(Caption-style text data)

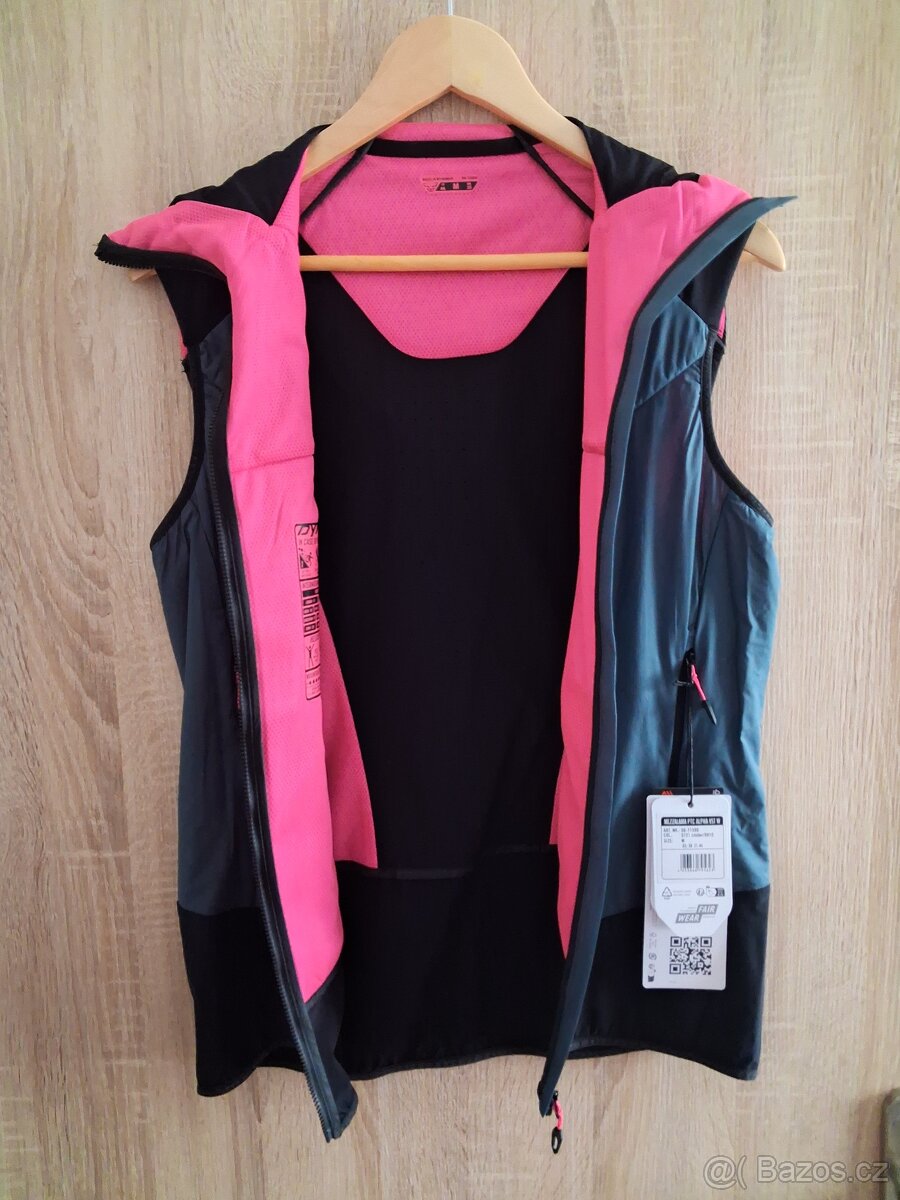 Dámska vesta Dynafit - 4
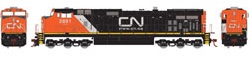 Canadian National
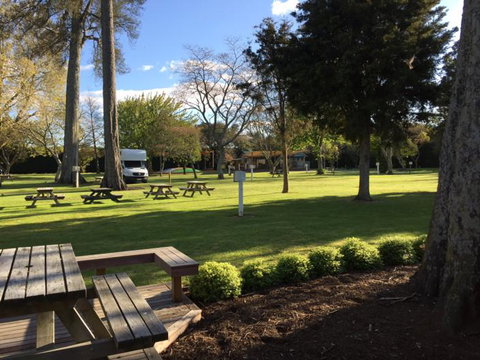 Motueka TOP 10 Holiday Park - Tourism Bookings NZ 10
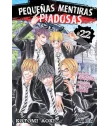 Pequeñas mentiras piadosas Nº 22 (de 22)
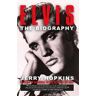 Jerry Hopkins Elvis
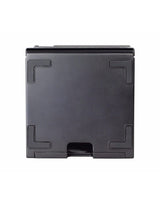 Impresora De Tickets Premier Itp-Front Térmica Ancho Papel 80mm Usb-Ethernet Negra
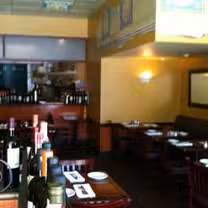 A photo of Spiazzo Ristorante restaurant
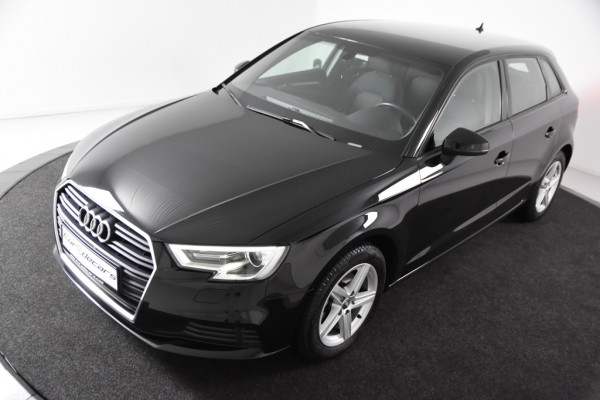 Audi A3 Sportback 35 TFSI *1ste Eigenaar*Navigatie*PDC*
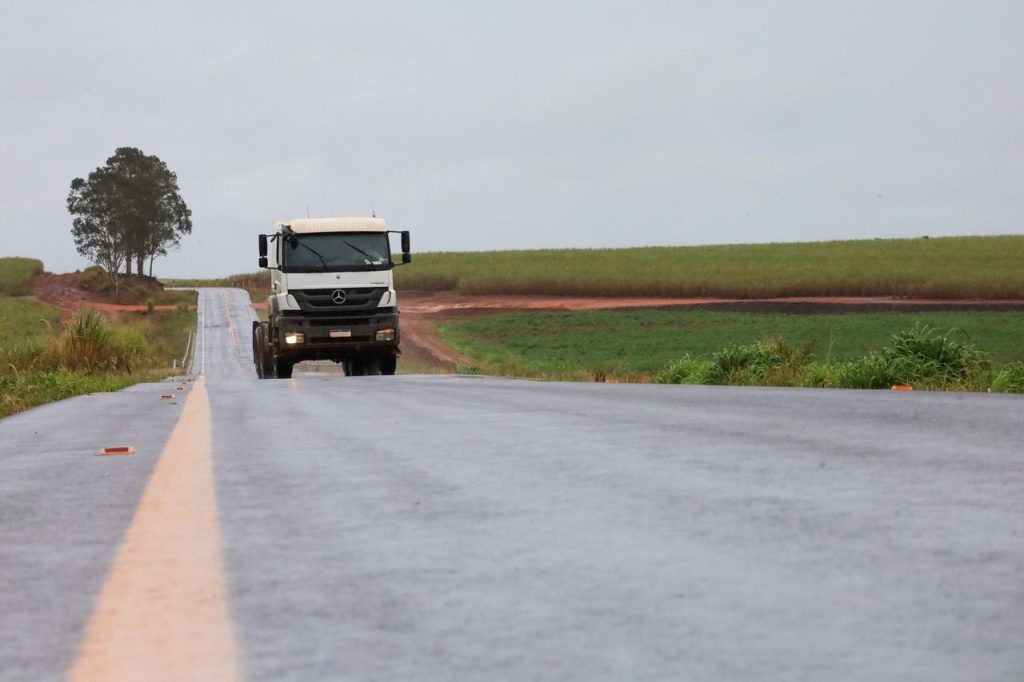 Foto: Reprodução/Secom Mato Grosso do Sul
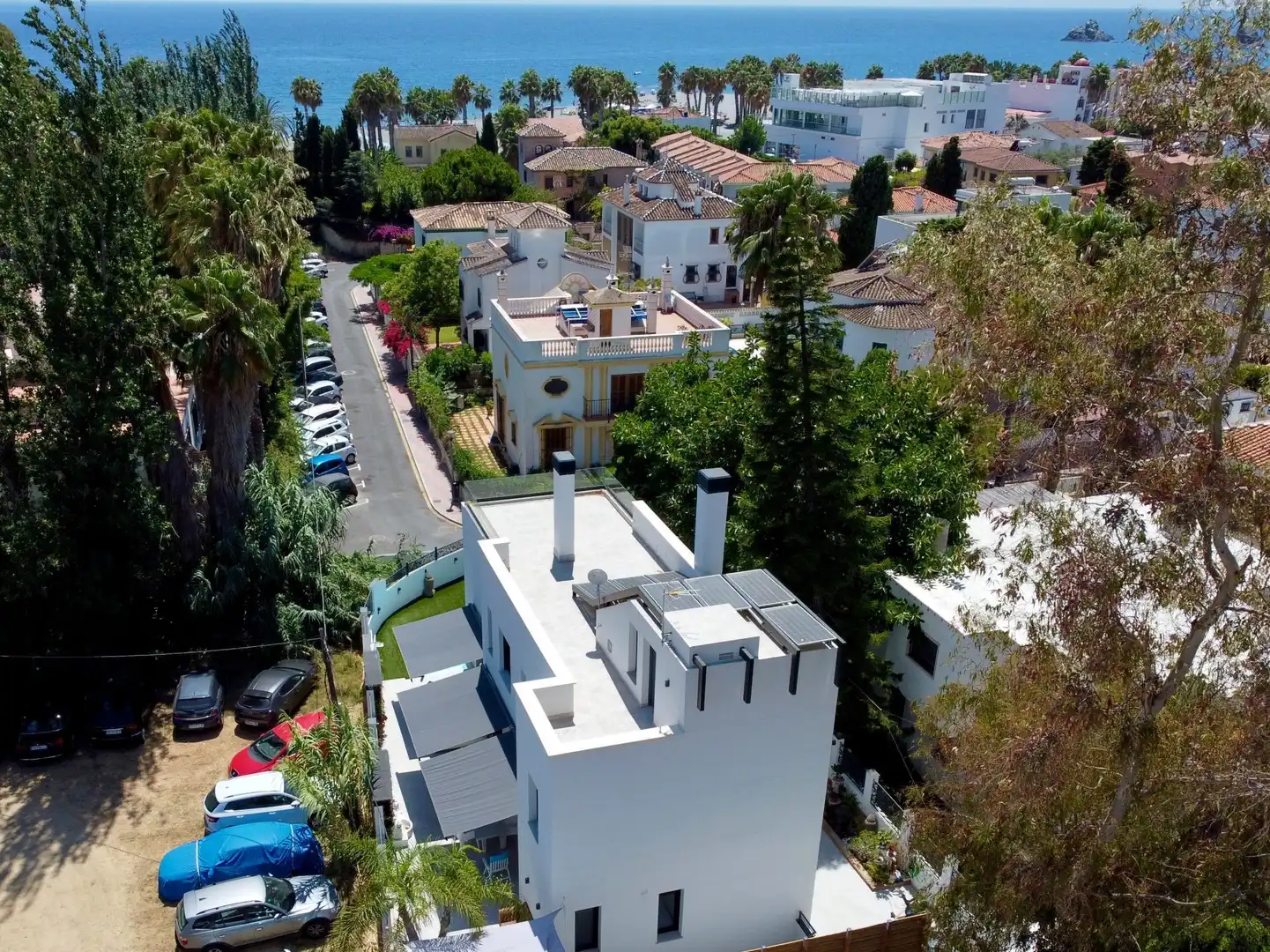 Casa amb piscina en venda a Almuñecar centro, imagen 62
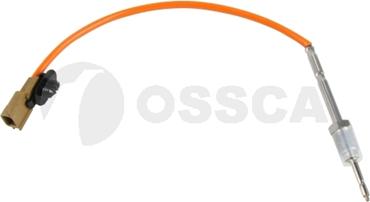 OSSCA 24617 - Senzor, temperatura Ispušnih plinova www.molydon.hr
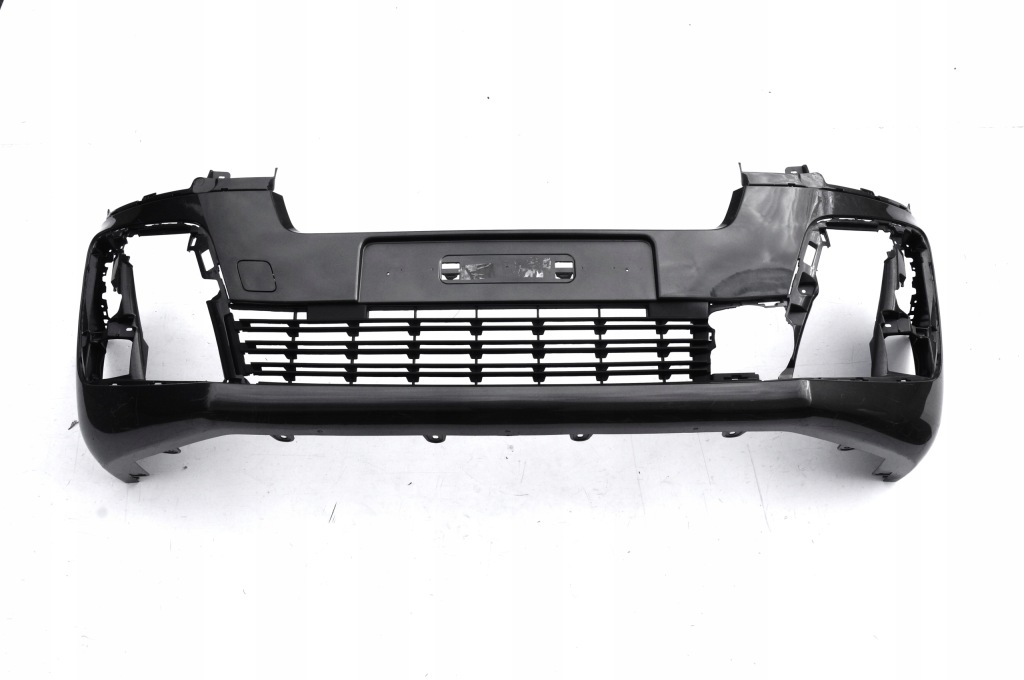 фото №1, Citroen jumpy 3 iii 2016 - бампер перед оригинал оригинальный номер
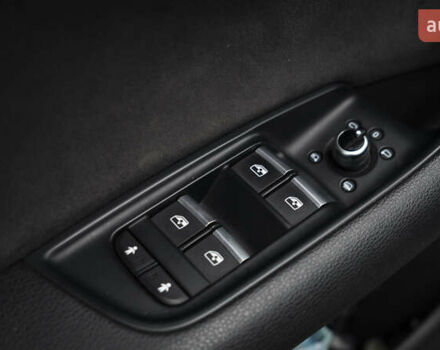 Синий Ауди Ку 7, объемом двигателя 2.97 л и пробегом 217 тыс. км за 32999 $, фото 37 на Automoto.ua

→ ASSIGNMENT
Pictures stay out of this copy. Retype exactly the lines from the one with "Canadian National" through the last line of the data, both ends included, and nothing more.

→ YOUR RESPONSE
 Canadian National
 Motueka TOP 10 Holiday Park - Tourism Bookings NZ 10
 Pequeñas mentiras piadosas Nº 22 (de 22)
 Jerry Hopkins Elvis
 Impresora De Tickets Premier Itp-Front Térmica Ancho Papel 80mm Usb-Ethernet Negra
 A photo of Spiazzo Ristorante restaurant
 Audi A3 Sportback 35 TFSI *1ste Eigenaar*Navigatie*PDC*
 Foto: Reprodução/Secom Mato Grosso do Sul
 Casa amb piscina en venda a Almuñecar centro, imagen 62
 OSSCA 24617 - Senzor, temperatura Ispušnih plinova www.molydon.hr
 фото №1, Citroen jumpy 3 iii 2016 - бампер перед оригинал оригинальный номер
 Синий Ауди Ку 7, объемом двигателя 2.97 л и пробегом 217 тыс. км за 32999 $, фото 37 на Automoto.ua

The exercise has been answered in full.